Surveys were distributed to 186 healthcare workers; 150 completed surveys were received from 150. The largest group of respondents were females (65.3%; n=98). Participants predominantly fell in the 25 to <35 age range (34%; n=51) and had been employed for 20 or more years (31.3%; n=47). Of participants employed at the healthcare facility, 39.3% (n=59) worked as RNs while 14.7% (n=22) were TCNs. The highest educational level of participants was at the high school level (42%; n=63). Participants worked in four different settings at the institution under study: substance abuse (12.7%, n=19), chronic (27.3%, n=41), psychiatric (41.3%, n=62), and geriatric settings (18.7%, n=28).

Participants' demographic characteristics are presented in Table 1.

Organizational Factors Contributing to Absenteeism

Employees were asked to specify the degree to which different factors influence their choice to take sick leave from work for reasons other than legitimate sickness. The most frequently identified factors believed to contribute to workplace absences were disputes over scheduling (66%; n=99), organizational culture (61%; n=91), and having call-in sick benefits (47%; n=70). Table 2 ranks organizational factors contributing to absenteeism in order of importance.
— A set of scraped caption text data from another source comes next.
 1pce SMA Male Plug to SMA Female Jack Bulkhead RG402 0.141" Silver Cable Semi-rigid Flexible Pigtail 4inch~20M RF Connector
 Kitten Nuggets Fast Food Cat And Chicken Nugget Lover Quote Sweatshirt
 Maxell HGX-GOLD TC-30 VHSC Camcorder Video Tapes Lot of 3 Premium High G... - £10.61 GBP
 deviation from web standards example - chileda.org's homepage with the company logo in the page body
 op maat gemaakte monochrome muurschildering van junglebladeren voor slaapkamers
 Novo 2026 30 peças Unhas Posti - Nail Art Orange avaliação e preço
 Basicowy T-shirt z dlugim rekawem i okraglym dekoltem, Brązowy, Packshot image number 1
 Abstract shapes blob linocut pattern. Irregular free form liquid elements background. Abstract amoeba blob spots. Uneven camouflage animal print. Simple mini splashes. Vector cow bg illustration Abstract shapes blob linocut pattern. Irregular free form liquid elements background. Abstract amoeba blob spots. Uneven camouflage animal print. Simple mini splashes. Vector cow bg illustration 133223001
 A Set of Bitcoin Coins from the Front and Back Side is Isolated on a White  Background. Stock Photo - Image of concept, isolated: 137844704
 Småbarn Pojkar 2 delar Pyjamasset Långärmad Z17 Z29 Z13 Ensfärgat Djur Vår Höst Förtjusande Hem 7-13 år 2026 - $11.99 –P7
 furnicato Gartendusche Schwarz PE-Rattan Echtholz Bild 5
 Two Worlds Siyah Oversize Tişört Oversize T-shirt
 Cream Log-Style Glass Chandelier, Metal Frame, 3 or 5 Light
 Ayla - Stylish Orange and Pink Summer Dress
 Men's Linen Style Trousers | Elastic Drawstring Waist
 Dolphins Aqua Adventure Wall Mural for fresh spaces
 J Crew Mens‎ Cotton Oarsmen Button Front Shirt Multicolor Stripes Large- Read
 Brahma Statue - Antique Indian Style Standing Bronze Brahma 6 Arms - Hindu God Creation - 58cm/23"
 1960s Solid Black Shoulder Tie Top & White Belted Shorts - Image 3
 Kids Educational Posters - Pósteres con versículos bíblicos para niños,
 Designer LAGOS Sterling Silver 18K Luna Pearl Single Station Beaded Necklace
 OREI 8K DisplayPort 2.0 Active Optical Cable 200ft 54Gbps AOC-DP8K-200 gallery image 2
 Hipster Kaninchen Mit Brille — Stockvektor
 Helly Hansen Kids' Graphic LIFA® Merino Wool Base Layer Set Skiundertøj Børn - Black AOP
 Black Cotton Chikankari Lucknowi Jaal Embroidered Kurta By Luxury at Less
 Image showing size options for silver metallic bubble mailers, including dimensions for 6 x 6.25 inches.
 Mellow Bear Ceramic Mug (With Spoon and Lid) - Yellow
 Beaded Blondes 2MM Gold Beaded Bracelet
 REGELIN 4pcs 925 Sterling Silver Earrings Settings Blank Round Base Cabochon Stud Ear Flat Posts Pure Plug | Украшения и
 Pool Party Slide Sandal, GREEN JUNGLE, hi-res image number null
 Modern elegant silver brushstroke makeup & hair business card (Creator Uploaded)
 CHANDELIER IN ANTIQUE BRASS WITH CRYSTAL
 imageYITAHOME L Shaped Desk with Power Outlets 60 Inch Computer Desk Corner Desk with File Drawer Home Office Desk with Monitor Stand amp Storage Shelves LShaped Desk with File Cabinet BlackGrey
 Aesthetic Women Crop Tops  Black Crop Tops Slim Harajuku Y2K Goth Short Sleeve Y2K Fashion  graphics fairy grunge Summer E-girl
One-way ANOVA was conducted to determine if there were any significant differences in taking sick leave for reasons other than legitimate sickness among staff with different roles in the institution. However, no significant findings were noted (p= >0.5). Participants were also asked to indicate if they had ever taken sick leave from work for reasons other than legitimate sickness. The largest group of responses came from participants who indicated they had taken sick leave from work for reasons other than being genuinely sick (60.7%; n=91). Respondents were also provided with an opportunity to describe their views related to what they believed would discourage the abuse of sick leave benefits. Participants provided 119 responses regarding their views on discouraging non-sickness related absences. The top three themes which arose from participants' responses were scheduling practices, use of incentives, and proper staffing. Table 3 displays the major themes and responses which arose from this item.


Participants commonly indicated they had taken sick leave for reasons other than being genuinely sick (60.7%; n=91). This finding could suggest a culture of acceptance toward absenteeism. According to Johns and Nicholson (1982), organizational absence culture refers to a shared set of beliefs, values, and behavior patterns regarding absenteeism. Johns (1997) posits that absence behaviors result from a collective consensus about how much absence is expected and pressures from other employees to increase or decrease individual absence to socially accepted norms already established within an organization's culture. Johns and Nicholson (1982) further described an absence culture which they termed Type IV Absence Culture, whereby absenteeism is viewed by employees as an entitlement, strong interdependent and cohesive relationships are shared among employees, and there is generally mistrust and defiance toward leadership injunctions.

An entitlement attitude toward absenteeism may lead to persistent withdrawal behaviors among healthcare workers, jeopardizing delivery of quality patient care and influencing patient outcomes. Previous authors agree on the negative impact absenteeism may have on standards of care (Gaudine & Gregory, 2010; Laschinger, Finegan, & Wilk, 2009; Liu et al., 2012). Moreover, consequences of absenteeism, including reduced staffing levels and heavier nursing workloads, are associated with poor patient outcomes such as increased patient mortality and failure-to-rescue rates (Furillo & McEwen, 2012). In contrast, increased RN presence has been linked to lower patient mortality and failure-to-rescue rates, fewer incidences of pressure ulcers, and shorter hospital stays (Chau et al., 2015). These outcomes imply the influence of management practices (e.g., providing safe staffing levels) on the provision of quality nursing care.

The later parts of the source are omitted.